The unstoppable enthusiasm of the Amani, Upendo, and Tunaweza RCP co-op members has led to a new tie-dye profit center. Under the tutelage of RCP Co-op Coordinator Theodora Kapinga and Iringa Entrepreneurship teacher Elizabeth Valence, the mothers from Makungu, Ipalamwa, and Ukwega villages learned the traditional skill of tie dying fabric.
Part of the lesson was the basics of local market production. The members turned over the profits from seafood and liquid soap sales over the last few months for capital to purchase the tie-dying materials to start this new offering. A grant from Global Volunteers allowed the co-ops to purchase tarpaulin and personal protective equipment from suppliers in Dar es Salaam and Iringa.
Soon after, the co-ops produced about three dozen tie-dyed shawls (vikoi in Swahili), a dozen ornamented fabrics for dresses and shirts, and a dozen trousers. Their customers are community members, including church choir members, local politicians, and Global Volunteers staff. Upendo co-op Chairperson Sarah Duma exulted the importance of the project, “It’s helped to improve our standard of living. (The co-op) has been able to make some money and hence, increase our families’ incomes.” Member Caroline Lunyungu added, “I learned about financial management and how to make a profit through different business ideas.”

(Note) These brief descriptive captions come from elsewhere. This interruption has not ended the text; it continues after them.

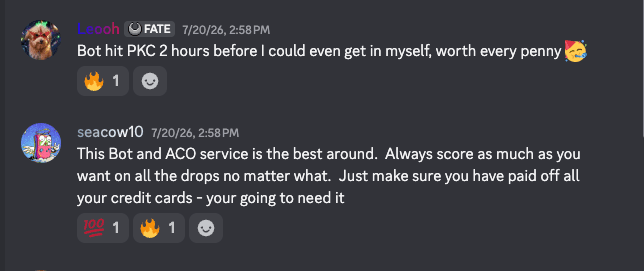 Two Discord messages: Laooh on the bot hitting Pokémon Center two hours before they could, and seacow10 on the service.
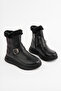 Women's Black Plush Fur Buckle Zippered Winter Boots Thick Sole Casual Boots - 2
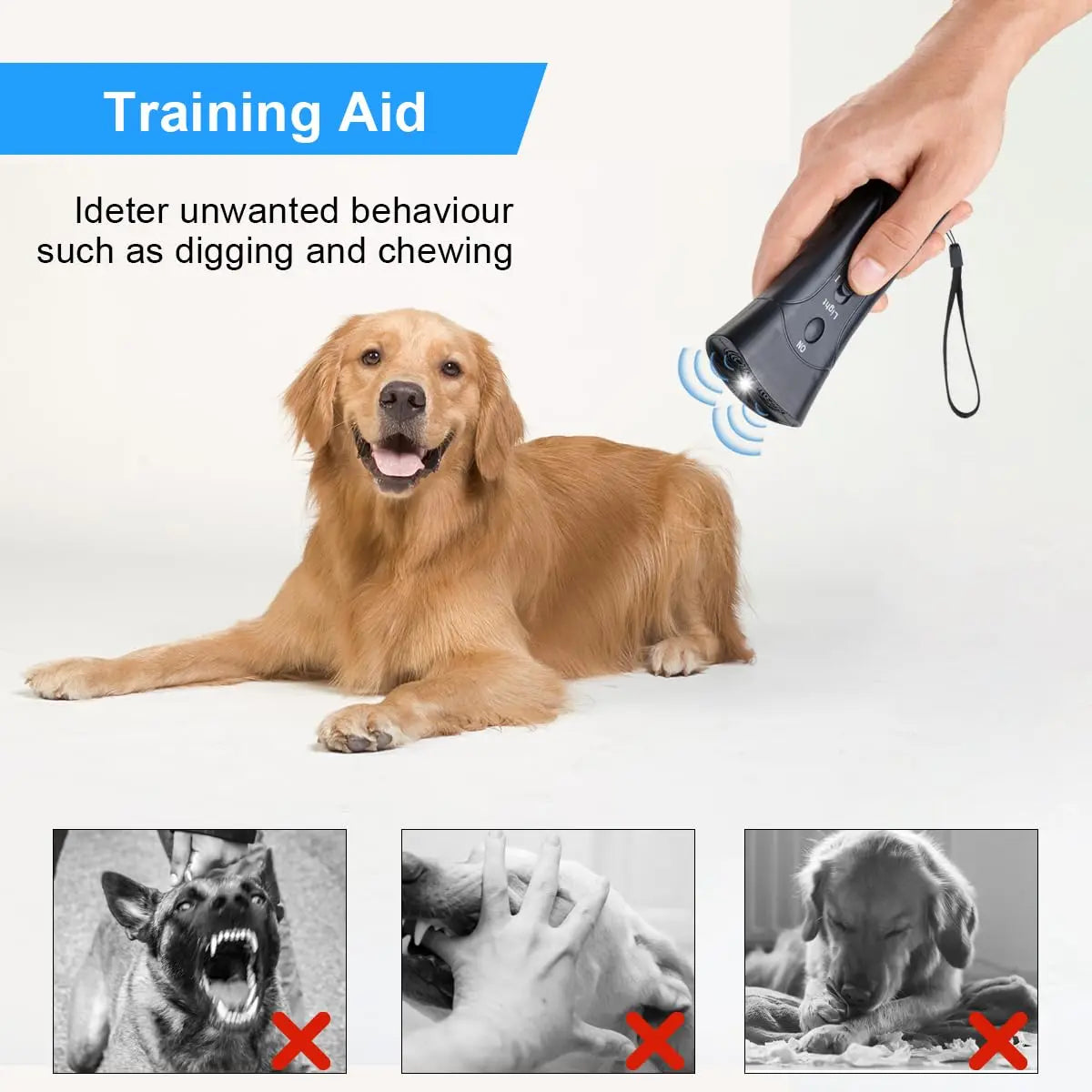 Pet Dog Repeller Anti Barking Stop Bark Training Device Trainer LED Ultrasonic Anti Barking Ultrasonic Without Battery - Zecs shopping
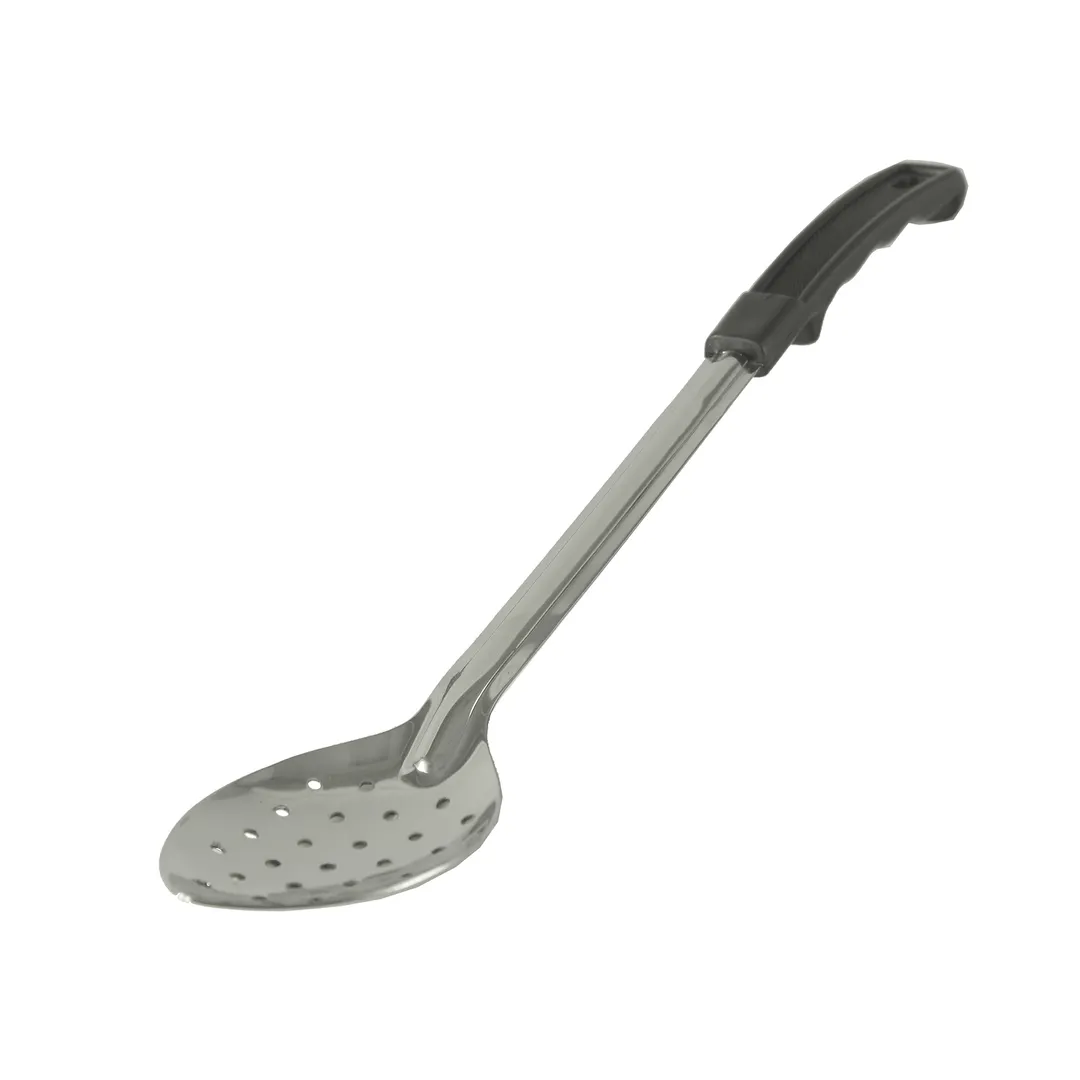 CAC China SBSP-15BH Perforated Basting Spoon, 15" Long, Stainless Steel with Bakelite Handle, Black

Spending creative time together to learn new skills generates a valuable by-product: a boost to members’ confidence. Devotha Mwilafi of the Amani Co-op said she initially sensed the project was beyond her capabilities. “On the first day, I didn’t see myself making tie dye because my thinking was it’s for talented and educated people, not ordinary village-born people like me. But look at me now! I can make different styles of tie dye and I expect to learn more.”
“On the first day, I didn’t see myself making tie dye because my thinking was it’s for talented and educated people, not ordinary village-born people like me. But look at me now! I can make different styles of tie dye and I expect to learn more.”– Devotha Mwilafi, Amani co-op member
Another member, Sisemi Jumanne Balamwa, said she overcame her early misgivings. “In learning to make tie-dyed fabrics, our teacher told us not to worry as there is no making mistakes, because that’s part of discovery,” she said. “And there are no specific types of tie-dye styles – the most important thing is your creativity so you can produce something unique. This lifted my confidence and now I believe I can make any kind of tie-dyed fabrics,” Sisemi asserted.
Although the unique fabrics are a reliable product, the demand is lower than the consumables such as soap and seafood they’ve sold so far. “Tie-dye markets have been so challenging in part because it’s a seasonal business,” Theodora explains, with demand in harvest season and during holidays in November and December. She expects sales to increase soon. “The co-ops are the only ones who are doing any tie-dying projects in the Ukwega Ward so there is no market competition for the new line of fabrics.”
The co-op members say they can restore life to old, faded clothing they have at home as well. Salima Nyaulingo marveled, “Even the clothes that are worn and have lost their natural color can look new and be reused instead of throwing them away. I can do this even at my home with my children’s clothes.”